Christmas has been and gone now and I'm trying to take a few moments to reflect on what I will take away from Christmas 2012.
I don't know how your Christmas was but I really enjoyed mine. The standard set up of the day is that my family wake up about 7:30 and we open our stockings that Father Christmas has brought us before getting dressed and ready for Church. Go to Church for a shorter than normal service of celebration and then back home to either drive to my Aunt and Uncle's or make sure our house is in a decent state to host everyone. This year it was at our house and my brother had taken it upon himself to do the Lion's share of the cooking; he is excellent. So then my Aunt and Uncle and their kids arrive along with my Grandparents and we all have a celebratory drink and open a few presents. Then lunch happens, followed by "The Bomb" (a Summers/Allen tradition of layers of ice cream fashioned into a Christmas pudding shape). After this is the "fatting out" time - or time when we all lie on sofas watching the Queen's speech/chatting. The rest of the afternoon is a mixture of game playing, napping, joking around and playing with new toys. This all culminates in evening tea about 5:30-6pm which is loads of leftovers and sandwiches if we have room to stuff anymore in. Our evening normally consists of skyping my family in the States and seeing them before they have their Christmas dinner and watching Downton
So why was this year good? Well my Grandad hasn't been in the best of health over the
last few weeks and it was touch and go as to whether he or my Nan would be joining us for the
day. My Grandad isn't a Christian and my Dad had prayed with him on Sunday that he would be healed - Christmas Day he was feeling a lot better. Praise God! We are always hoping and praying that he will realise his need for God and try to give him as many opportunities to find out more as we can.
As well as this I have to confess that I hadn't been feeling particularly Christmassy in the run up to Christmas. We have limited Christmas decorations at my house in London and despite being at a number of Carol Services, the true wonder of Christmas seemed to
elude me. Maybe it's because of the relentless retail industry that misses the point of what
we celebrate, or maybe it was a lack of time/effort to really come to terms with this story.
Whatever it was, come Christmas Day it was gone.
Firstly, remembering that Jesus was a gift and that I am lucky to have received him. Plus giving makes me happy. Being generous is a blessing to both receiver and giver alike. Christmas is a beautiful opportunity to exercise this gift.

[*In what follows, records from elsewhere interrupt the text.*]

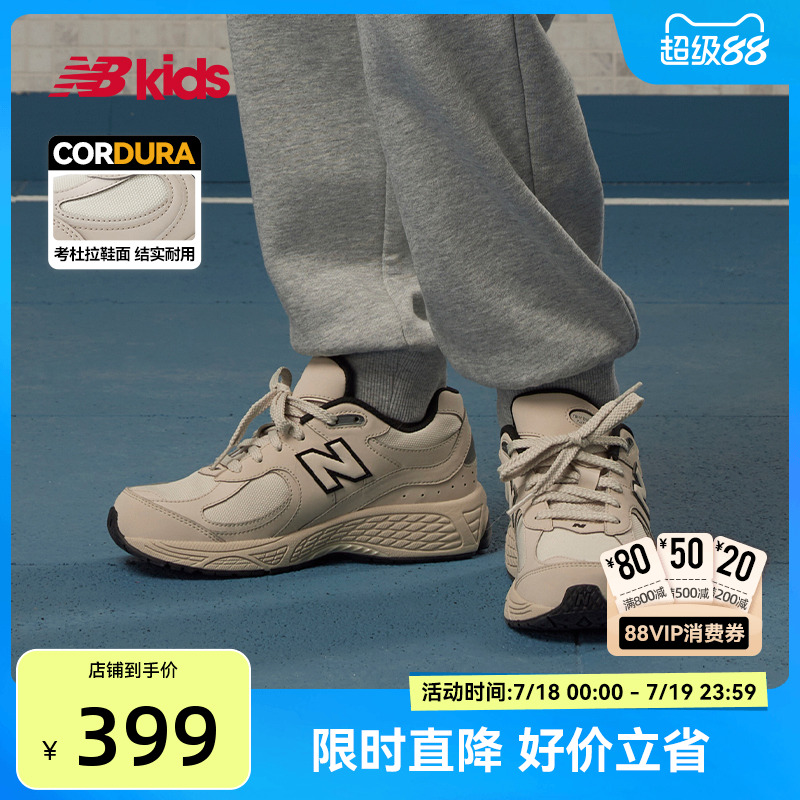 NewBalance复古运动鞋2002R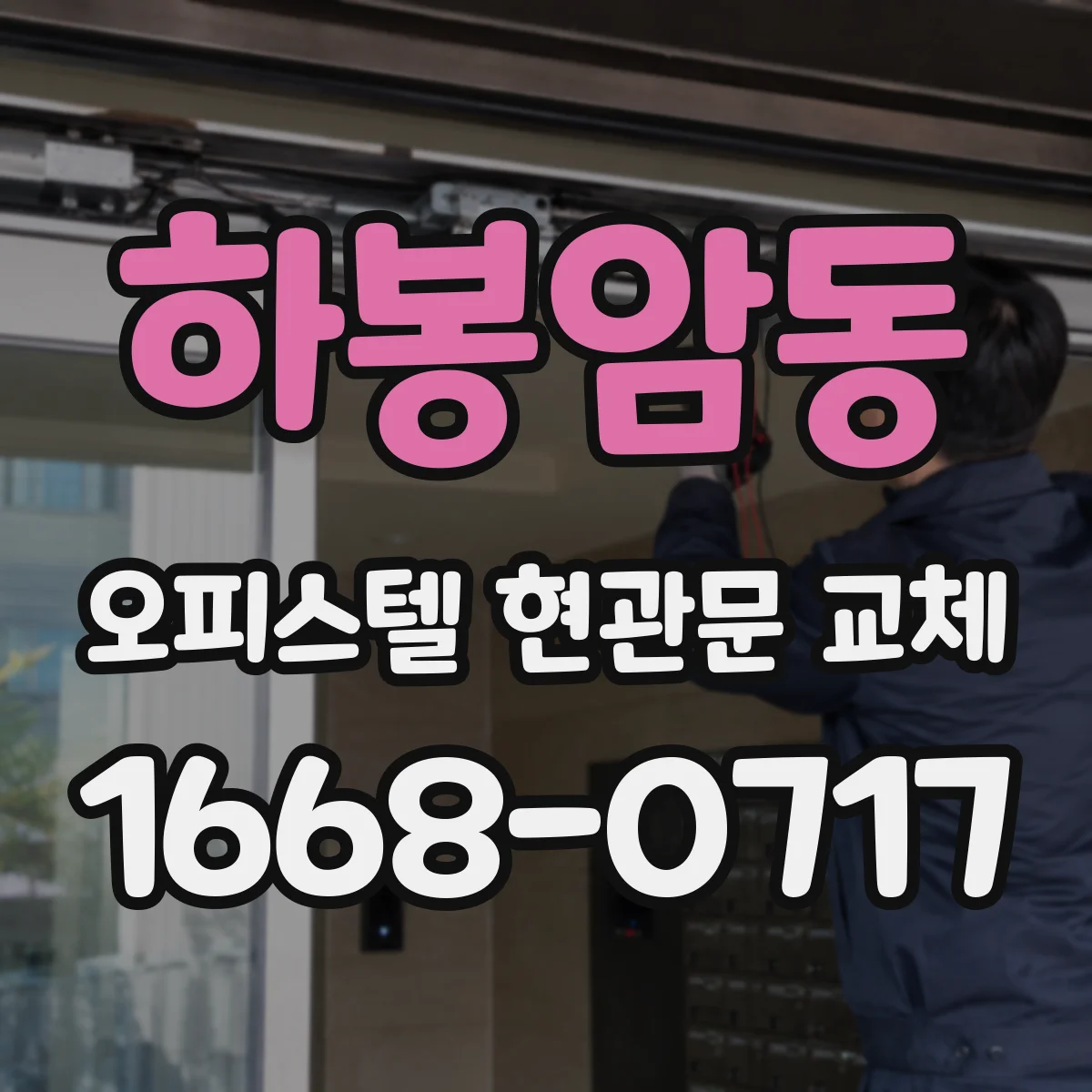 하봉암동 오피스텔 현관문 교체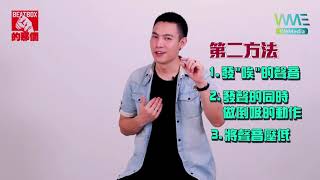 ECHO李昶俊  內吸bass  Inward Bass「Beatbox一週一教學」Lesson30 [upl. by Ahsitneuq]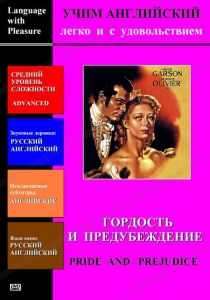 DVD Учим иностранный язык легко и с удовольствием «Гордость и предубеждение» - fgospostavki.ru - Владивосток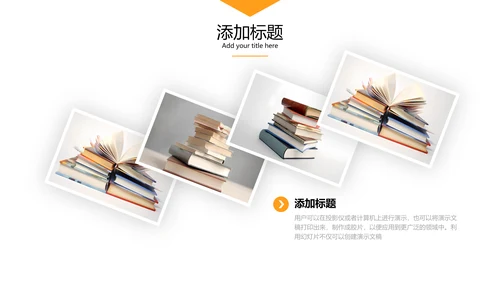 全民阅读读书看书阅读教育培训读书分享ppt模板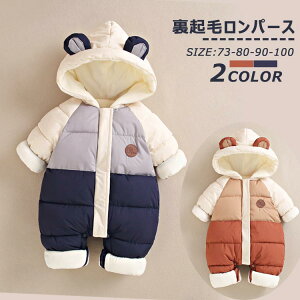  xr[ ~ Jo[I[ p[X N g h pW} [EFA މ@ oYj 73 80 90100 xr[ Ԃ ̎q j̎q  I[C ؍ V 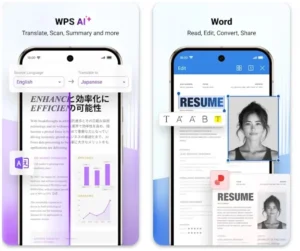 WPS Office v18.18.4 MOD APK main interface showing all-in-one office tools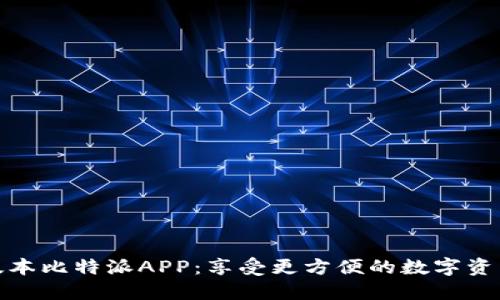 下载最新版本比特派APP：享受更方便的数字资产管理体验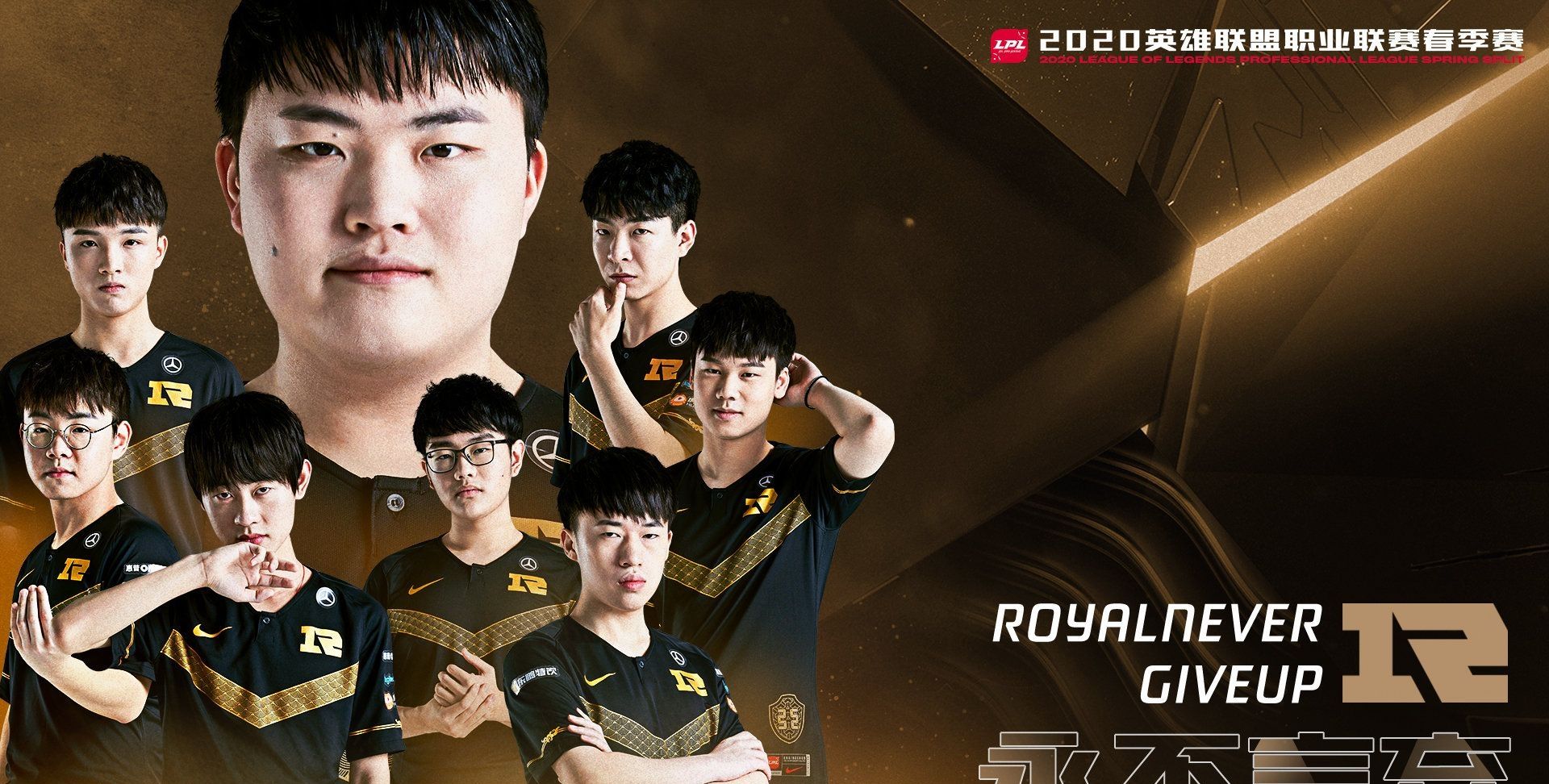 2020lpl春季赛 全部战队海报鉴赏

Next, everyone at Church was super joyful and happiness encourages my heart and makes me happy; I find that if I surround myself with people who are sad/depressed it can make me feel that way too, whereas if I have people who are appreciating life around me, it motivates me to think that way too. Seeing people rejoice in Jesus' birth is such a boost to
Lastly, I think Christmas sometimes is portrayed as a perfect time with families, rather than the realistic time with family. Clearly a day is never going to be perfect and if you think it is going to be your expectations are likely to be disappointed. I doubt Mary's expectations were to give birth in a stable, yet a wondrous day in history happened there - she didn't let her expectations ruin the day. I don't mean we should all have ridiculously low expectations, rather that we should be willing to see what God is doing around us. I think I understood something more of that this year. Expectation is overrated.
How was your Christmas?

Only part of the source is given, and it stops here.